## What is being asked
Start to finish, write out the entries exactly, leaving the pictures aside.

(Image-caption web data)

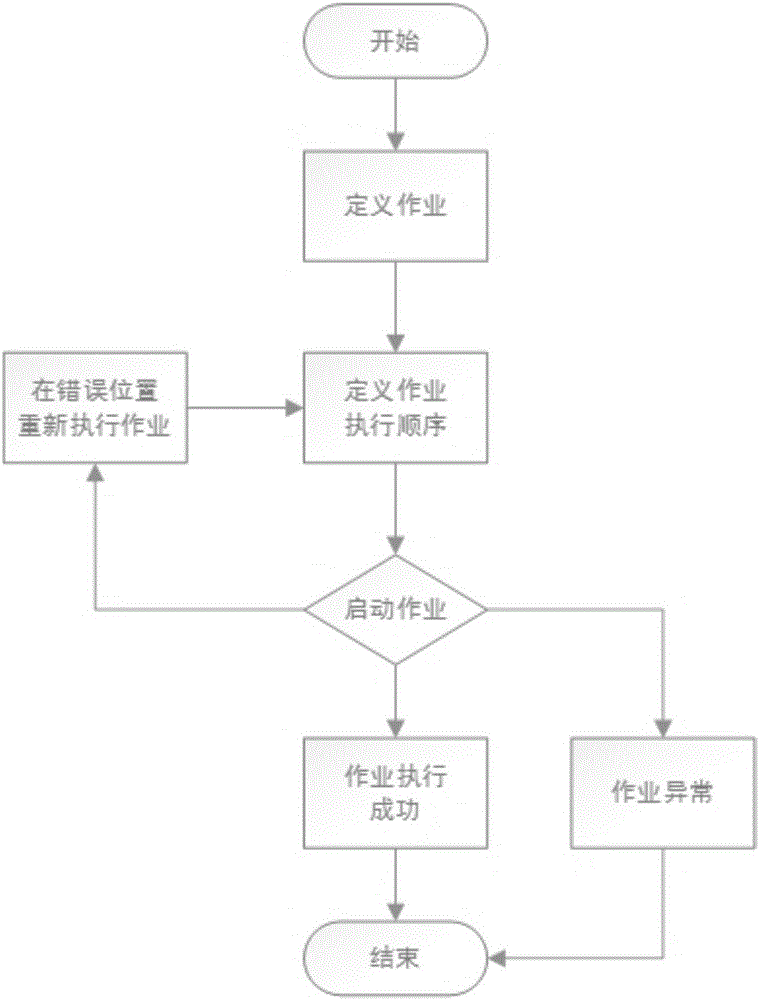 一種基于服務總線的數據交換方法與流程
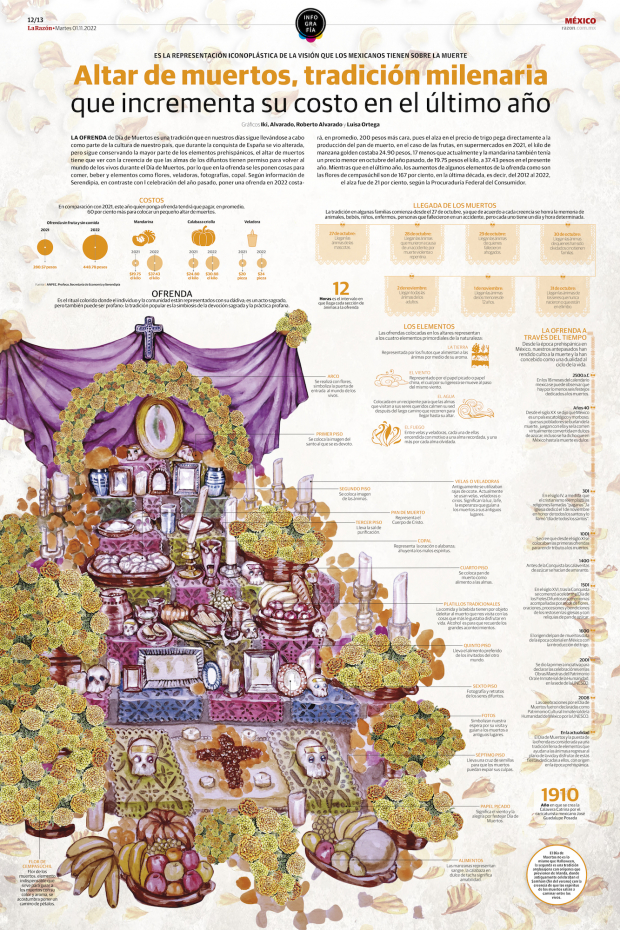 Altar de muertos, tradición milenaria que incrementa su costo en el último año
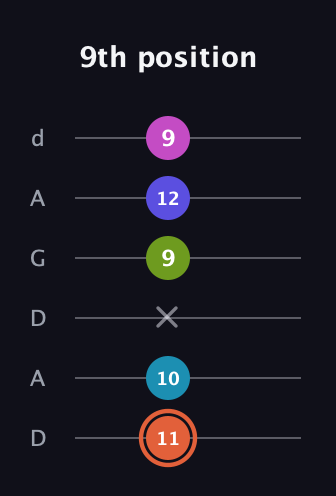 C♯ Half-Diminished 7th Sharp 5th guitar tab — 9th position (11 10 x 9 12 9) in DADGAD Tuning (DADGAD)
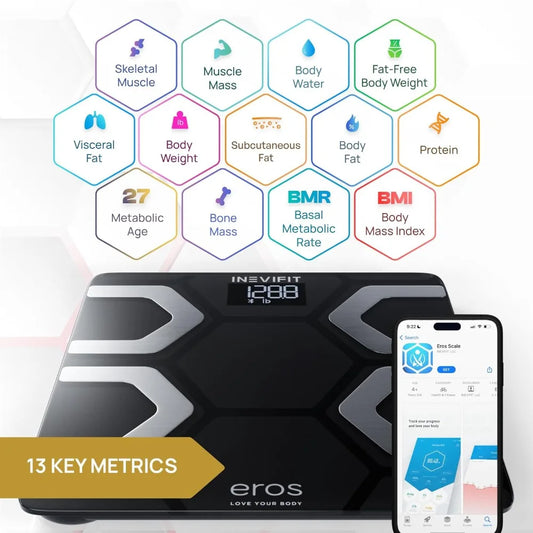 Hignconcerned Bluetooth Body Fat Scale Smart BMI Tracker
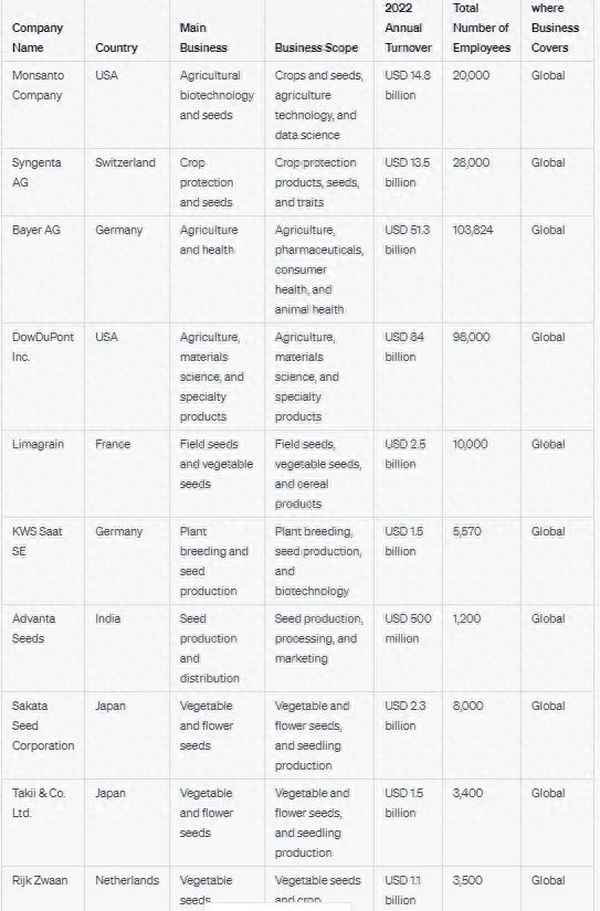 农业种子公司排名(农业种子公司排名榜)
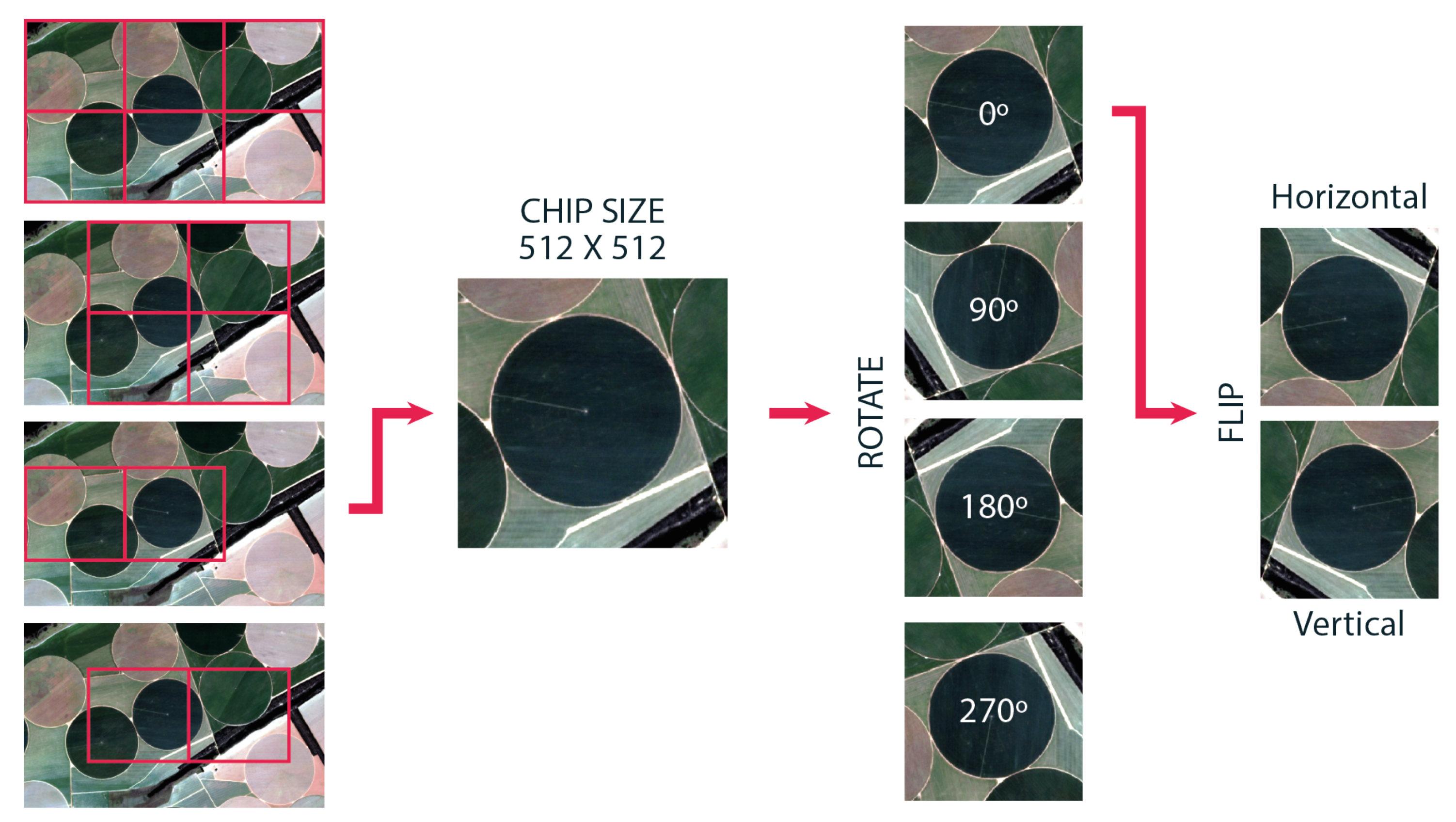 Remotesensing 12 00558 g004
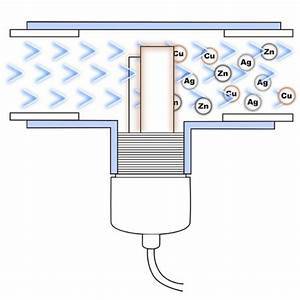 Fluid Chemical Free Ionizer Module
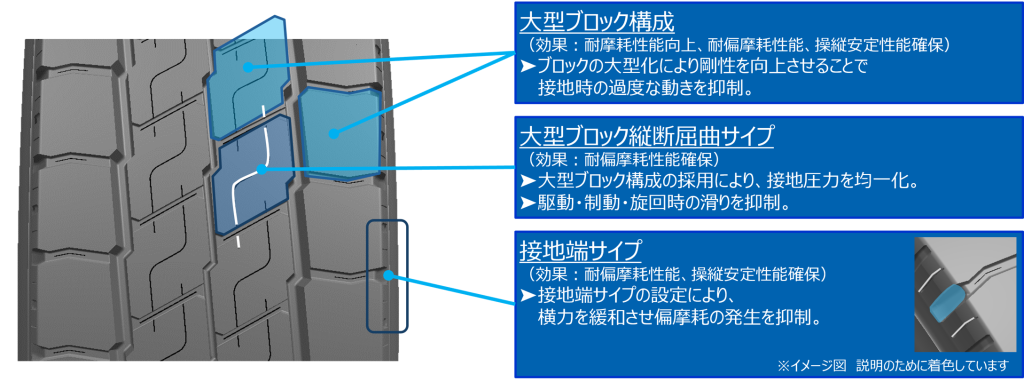 パターン0922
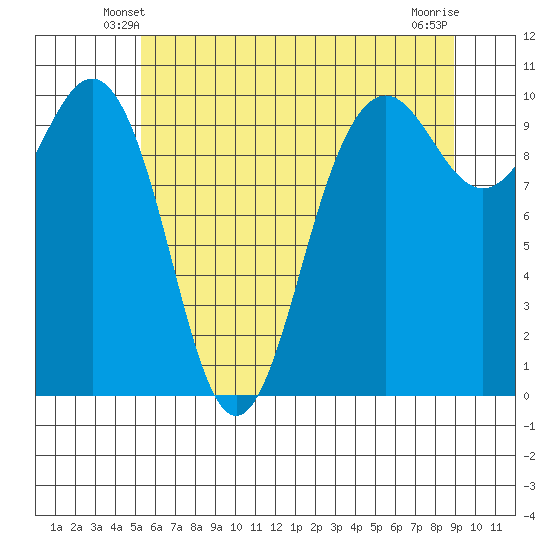 Kingston tide chart for Thursday, May 28, 2026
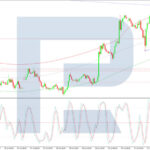 roboforex2026080312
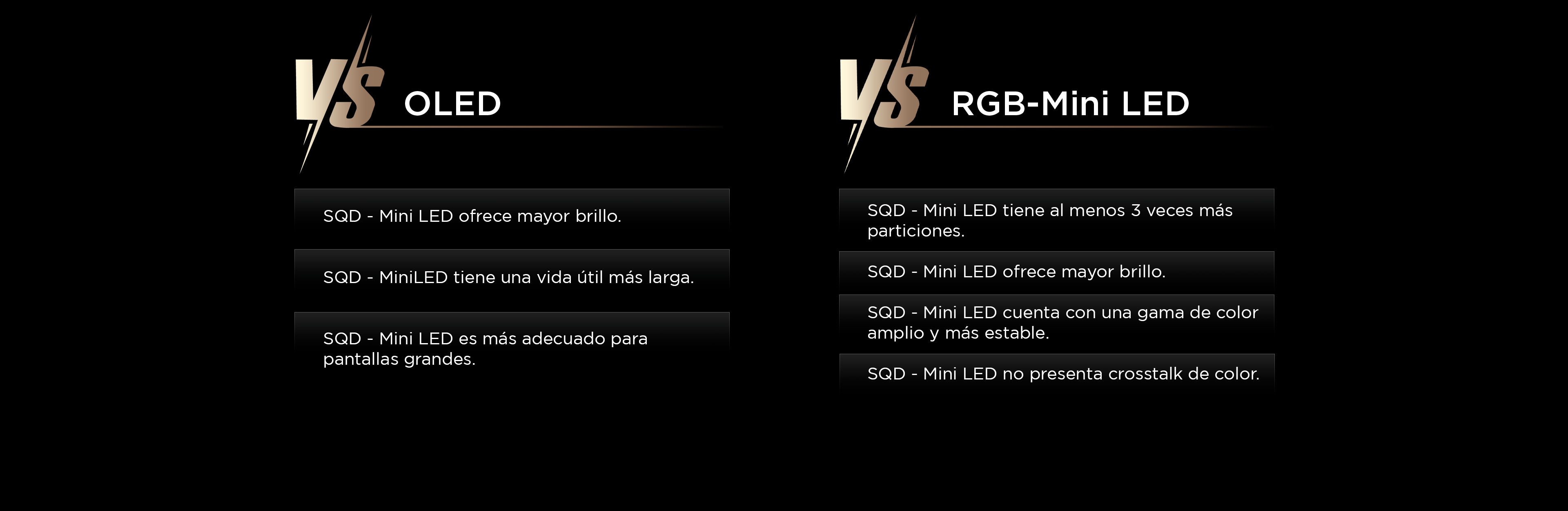 SQD-Mini LED VS OLED VS RGB-Mini LED
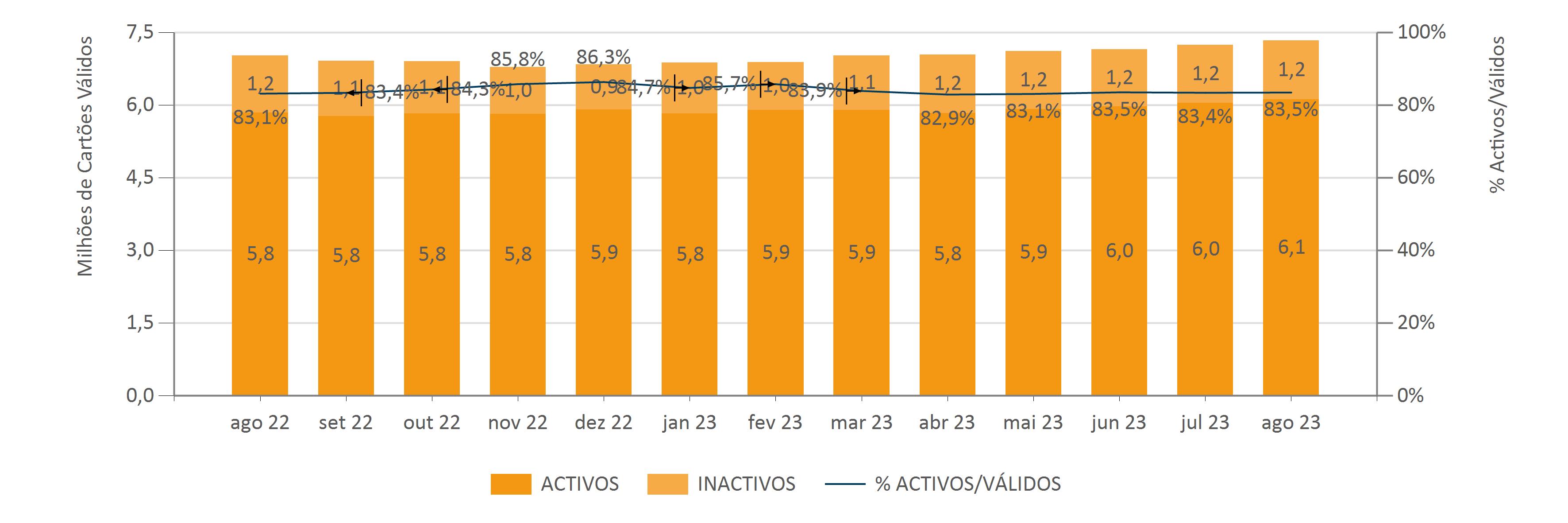 CARTOES2 Agosto Evolução Mensal Do Número De Cartões De Débito MULTICAIXA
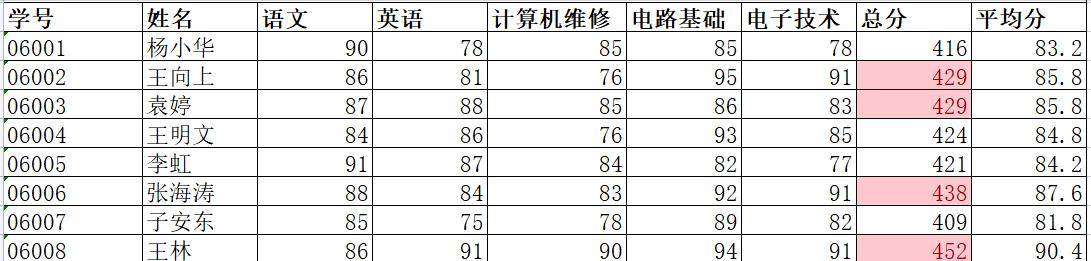 条件格式与自定义格式,条件格式怎么设置模糊条件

## Solution
 一種基于服務總線的數據交換方法與流程
 Altar de muertos, tradición milenaria que incrementa su costo en el último año
 C♯ Half-Diminished 7th Sharp 5th guitar tab — 9th position (11 10 x 9 12 9) in DADGAD Tuning (DADGAD)
 Hignconcerned Bluetooth Body Fat Scale Smart BMI Tracker
 农业种子公司排名(农业种子公司排名榜)
 Remotesensing 12 00558 g004
 Fluid Chemical Free Ionizer Module
 パターン0922
 Kingston tide chart for Thursday, May 28, 2026
 roboforex2026080312
 SQD-Mini LED VS OLED VS RGB-Mini LED
 CARTOES2 Agosto Evolução Mensal Do Número De Cartões De Débito MULTICAIXA
 条件格式与自定义格式,条件格式怎么设置模糊条件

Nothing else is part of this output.